Die RSV-Impfung wird Babys in den Oberschenkel injiziert. Philipp Schoof wartet auf den Impfstoff (u. re.). © mauritius images, Schlaf
Fast jedes Kind macht sie einmal durch: eine Infektion mit dem Respiratorischen Synzytial-Virus (RSV). Die Ständige Impfkommission (STIKO) empfiehlt die RSV-Impfung für Neugeborene und Säuglinge seit diesem August. Als der Münchner Kinderarzt Philipp Schoof in unserer Zeitung liest, dass nun auch das Gesundheitsreferat an Eltern appelliert, die Prophylaxe zu nutzen, kann er nur den Kopf schütteln. Er hätte die Impfkampagne gerne längst begonnen – schließlich beginnt die RSV-Saison im Oktober. Er kann aber nicht. Denn: Der Impfstoff ist (fast) nicht verfügbar.

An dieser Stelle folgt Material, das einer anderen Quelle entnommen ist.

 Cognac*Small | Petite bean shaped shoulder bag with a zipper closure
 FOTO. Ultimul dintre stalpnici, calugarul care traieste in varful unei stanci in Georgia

Als „völlig absurd“ bezeichnet Schoof die momentane Situation. „Man weiß seit eineinhalb Jahren, dass diesen Herbst geimpft werden soll.“ 2023 wurde der RSV-Impfstoff in Deutschland zugelassen. „Idealerweise hätten wir im September mit dem Impfen begonnen“, sagt Schoof. Die Rechtsverordnung des Gesundheitsministeriums zur Verabreichung des Impfstoffs sei zu spät gekommen, kritisiert der Kinderarzt. Deswegen mangele es jetzt an den nötigen Seren. Bisher gab es nur wenige Dosen für sehr gefährdete Kinder, aber nicht genug für die breite Masse.
Zwar hat nicht jedes Baby, das an RSV erkrankt, einen schweren Verlauf. Aber: „Wir erleben jeden Winter in unseren Praxen eine RSV-Welle, bei der auch sonst gesunde Säuglinge schwer erkranken“, sagt Schoof. Deswegen sei die passive Impfung, die es bisher nicht gab, so wichtig. Denn die Atemwegserkrankung kann für Säuglinge lebensbedrohlich werden. Besonders gefährdet sind Frühchen und Kinder mit chronischen Erkrankungen.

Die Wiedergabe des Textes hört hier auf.